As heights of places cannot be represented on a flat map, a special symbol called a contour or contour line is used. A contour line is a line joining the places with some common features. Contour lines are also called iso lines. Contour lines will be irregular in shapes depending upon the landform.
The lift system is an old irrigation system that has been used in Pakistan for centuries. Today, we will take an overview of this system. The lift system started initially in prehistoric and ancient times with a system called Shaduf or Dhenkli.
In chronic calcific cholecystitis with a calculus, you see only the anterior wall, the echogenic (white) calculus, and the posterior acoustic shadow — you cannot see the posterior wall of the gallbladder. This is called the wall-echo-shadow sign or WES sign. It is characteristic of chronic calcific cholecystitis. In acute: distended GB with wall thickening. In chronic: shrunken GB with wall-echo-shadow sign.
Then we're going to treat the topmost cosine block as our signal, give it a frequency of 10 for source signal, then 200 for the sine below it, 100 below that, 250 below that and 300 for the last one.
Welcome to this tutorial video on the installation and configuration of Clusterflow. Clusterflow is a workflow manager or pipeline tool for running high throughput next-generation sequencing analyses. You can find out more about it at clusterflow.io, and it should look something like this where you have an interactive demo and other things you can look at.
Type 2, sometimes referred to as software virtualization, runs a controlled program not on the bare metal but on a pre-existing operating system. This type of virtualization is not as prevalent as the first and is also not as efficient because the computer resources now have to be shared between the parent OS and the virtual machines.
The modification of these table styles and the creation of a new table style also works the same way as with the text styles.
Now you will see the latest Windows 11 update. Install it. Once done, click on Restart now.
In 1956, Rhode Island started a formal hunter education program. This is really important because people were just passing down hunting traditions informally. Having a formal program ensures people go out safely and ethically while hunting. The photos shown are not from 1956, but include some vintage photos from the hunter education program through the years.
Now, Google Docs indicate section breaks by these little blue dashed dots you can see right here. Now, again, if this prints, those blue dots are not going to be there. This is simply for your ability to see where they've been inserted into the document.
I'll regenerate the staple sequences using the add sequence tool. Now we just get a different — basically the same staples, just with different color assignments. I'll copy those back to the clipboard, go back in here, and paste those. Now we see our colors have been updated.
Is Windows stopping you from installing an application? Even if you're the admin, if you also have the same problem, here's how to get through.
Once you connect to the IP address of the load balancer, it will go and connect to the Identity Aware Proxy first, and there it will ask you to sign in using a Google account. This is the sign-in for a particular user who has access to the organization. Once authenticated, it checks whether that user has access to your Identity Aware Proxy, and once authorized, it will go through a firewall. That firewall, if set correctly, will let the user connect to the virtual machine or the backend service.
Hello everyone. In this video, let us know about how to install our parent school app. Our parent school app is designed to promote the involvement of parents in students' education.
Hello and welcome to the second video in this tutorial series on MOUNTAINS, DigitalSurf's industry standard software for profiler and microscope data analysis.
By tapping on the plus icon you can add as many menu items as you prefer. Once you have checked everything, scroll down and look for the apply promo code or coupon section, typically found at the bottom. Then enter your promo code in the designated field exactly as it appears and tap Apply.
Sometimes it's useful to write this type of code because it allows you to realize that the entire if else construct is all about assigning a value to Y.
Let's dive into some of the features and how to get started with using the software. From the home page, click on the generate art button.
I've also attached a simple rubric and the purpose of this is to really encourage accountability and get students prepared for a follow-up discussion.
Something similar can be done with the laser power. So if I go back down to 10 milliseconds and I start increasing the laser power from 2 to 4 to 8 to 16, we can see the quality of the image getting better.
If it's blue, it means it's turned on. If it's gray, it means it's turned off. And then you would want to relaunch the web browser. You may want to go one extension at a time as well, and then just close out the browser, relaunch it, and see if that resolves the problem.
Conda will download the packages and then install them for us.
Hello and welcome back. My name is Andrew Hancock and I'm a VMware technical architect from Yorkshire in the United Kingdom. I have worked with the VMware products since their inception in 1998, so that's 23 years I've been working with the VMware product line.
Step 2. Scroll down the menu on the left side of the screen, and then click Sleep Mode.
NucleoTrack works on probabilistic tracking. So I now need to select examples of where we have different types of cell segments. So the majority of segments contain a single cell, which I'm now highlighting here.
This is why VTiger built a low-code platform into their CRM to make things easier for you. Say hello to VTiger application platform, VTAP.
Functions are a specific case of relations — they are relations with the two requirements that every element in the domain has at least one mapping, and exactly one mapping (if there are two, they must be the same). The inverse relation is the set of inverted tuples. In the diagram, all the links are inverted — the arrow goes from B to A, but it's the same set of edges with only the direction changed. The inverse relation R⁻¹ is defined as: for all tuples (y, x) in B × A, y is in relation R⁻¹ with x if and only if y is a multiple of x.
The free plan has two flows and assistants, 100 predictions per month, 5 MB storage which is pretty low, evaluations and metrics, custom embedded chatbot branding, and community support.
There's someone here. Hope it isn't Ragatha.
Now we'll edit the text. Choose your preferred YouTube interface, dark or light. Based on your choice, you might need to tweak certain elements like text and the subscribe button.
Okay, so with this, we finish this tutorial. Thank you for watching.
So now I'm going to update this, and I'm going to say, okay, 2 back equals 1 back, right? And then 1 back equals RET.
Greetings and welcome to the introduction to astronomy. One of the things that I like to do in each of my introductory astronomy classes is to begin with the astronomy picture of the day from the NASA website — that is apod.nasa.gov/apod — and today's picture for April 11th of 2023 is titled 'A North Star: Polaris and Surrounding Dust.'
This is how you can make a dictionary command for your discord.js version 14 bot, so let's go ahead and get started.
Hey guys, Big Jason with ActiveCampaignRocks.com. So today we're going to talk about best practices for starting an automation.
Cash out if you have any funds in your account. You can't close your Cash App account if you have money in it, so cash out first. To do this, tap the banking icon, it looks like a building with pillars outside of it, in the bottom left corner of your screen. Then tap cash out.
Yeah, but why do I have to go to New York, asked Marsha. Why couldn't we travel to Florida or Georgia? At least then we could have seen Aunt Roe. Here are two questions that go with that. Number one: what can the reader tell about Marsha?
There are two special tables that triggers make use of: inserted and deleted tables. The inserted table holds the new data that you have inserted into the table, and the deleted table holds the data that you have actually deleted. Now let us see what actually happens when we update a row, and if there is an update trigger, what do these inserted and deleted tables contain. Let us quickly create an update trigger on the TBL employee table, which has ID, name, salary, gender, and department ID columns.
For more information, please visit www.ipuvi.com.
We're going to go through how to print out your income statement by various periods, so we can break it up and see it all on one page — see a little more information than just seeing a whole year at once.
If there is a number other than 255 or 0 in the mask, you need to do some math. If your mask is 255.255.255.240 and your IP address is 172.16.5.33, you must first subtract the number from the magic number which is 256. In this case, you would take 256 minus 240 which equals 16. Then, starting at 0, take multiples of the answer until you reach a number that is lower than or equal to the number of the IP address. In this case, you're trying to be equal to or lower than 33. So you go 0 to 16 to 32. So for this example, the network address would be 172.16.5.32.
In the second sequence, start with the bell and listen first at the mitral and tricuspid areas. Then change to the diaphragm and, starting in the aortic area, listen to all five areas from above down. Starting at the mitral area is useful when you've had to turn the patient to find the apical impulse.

> Problem description
Return, unchanged, the run of lines above that opens with the line containing "The free plan" and closes with the line containing "Okay, so with". Include both.

> Task result
The free plan has two flows and assistants, 100 predictions per month, 5 MB storage which is pretty low, evaluations and metrics, custom embedded chatbot branding, and community support.
There's someone here. Hope it isn't Ragatha.
Now we'll edit the text. Choose your preferred YouTube interface, dark or light. Based on your choice, you might need to tweak certain elements like text and the subscribe button.
Okay, so with this, we finish this tutorial. Thank you for watching.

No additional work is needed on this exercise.